Bases: opan.error.OpanError

Error relating to parsing of or calculation using XYZ data.

See the OpanError documentation for more information on attributes, methods, etc.

Typecodes

DIHED = 'DIHED'

Dihedral angle calculation requested for a set of atoms containing an insufficiently nonlinear trio of atoms

NONPRL = 'NONPRL'

Insufficient non-parallel character in some manner of calculation

OVERWRITE = 'OVERWRITE'

Object already initialized (overwrite not supported)

XYZFILE = 'XYZFILE'

Inconsistent geometry in an OpenBabel XYZ file

  • ORCA.xyz or .trj

opan.grad

Module implementing imports of gradient data from external computations.
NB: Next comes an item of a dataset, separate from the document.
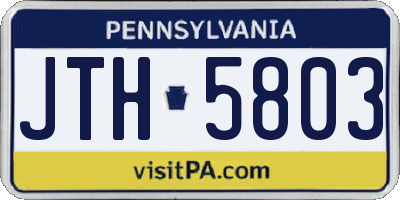 PA license plate JTH5803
The abstract superclass SuperOpanGrad defines a common initializer and common method(s) that for use by subclasses importing gradient data from external computational packages.


Implemented Subclasses

OrcaEngrad – Imports ‘.engrad’ files from ORCA


Requirements

  • The import for each external software package SHOULD have its own subclass.

  • Each subclass MUST implement a _load(self, **kwargs) instance method as the entry point for import of gradient data.

  • The gradient data MUST be stored:

    • In the instance member self.gradient
    • As a one-dimensional np.array
    • With dtype descended from np.float
    • In units of Hartrees per Bohr \(\left(\frac{\mathrm{E_h}}{\mathrm B}\right)\)
    • With elements ordered as:
    \[\begin{split}\left[ \begin{array}{cccccccc} \frac{\partial E}{\partial x_1} & \frac{\partial E}{\partial y_1} & \frac{\partial E}{\partial z_1} & \frac{\partial E}{\partial x_2} & \frac{\partial E}{\partial y_2} & \dots & \frac{\partial E}{\partial y_N} & \frac{\partial E}{\partial z_N} \\ \end{array} \right]\end{split}\]

  • The geometry data MUST be stored:

    • In the instance member self.geom
    • As a one-dimensional np.array
    • With dtype descended from np.float
    • In units of Bohrs \(\left(\mathrm B\right)\)
    • With elements ordered as:
    \[\begin{split}\left[ \begin{array}{cccccccc} x_1 & y_1 & z_1 & x_2 & y_2 & \dots & y_N & z_N \\ \end{array} \right]\end{split}\]

  • The atoms list MUST be stored:

    • In the instance member self.atom_syms
    • As a list of str, with each atom specified by an all-caps atomic symbol (opan.const.atom_sym may be helpful)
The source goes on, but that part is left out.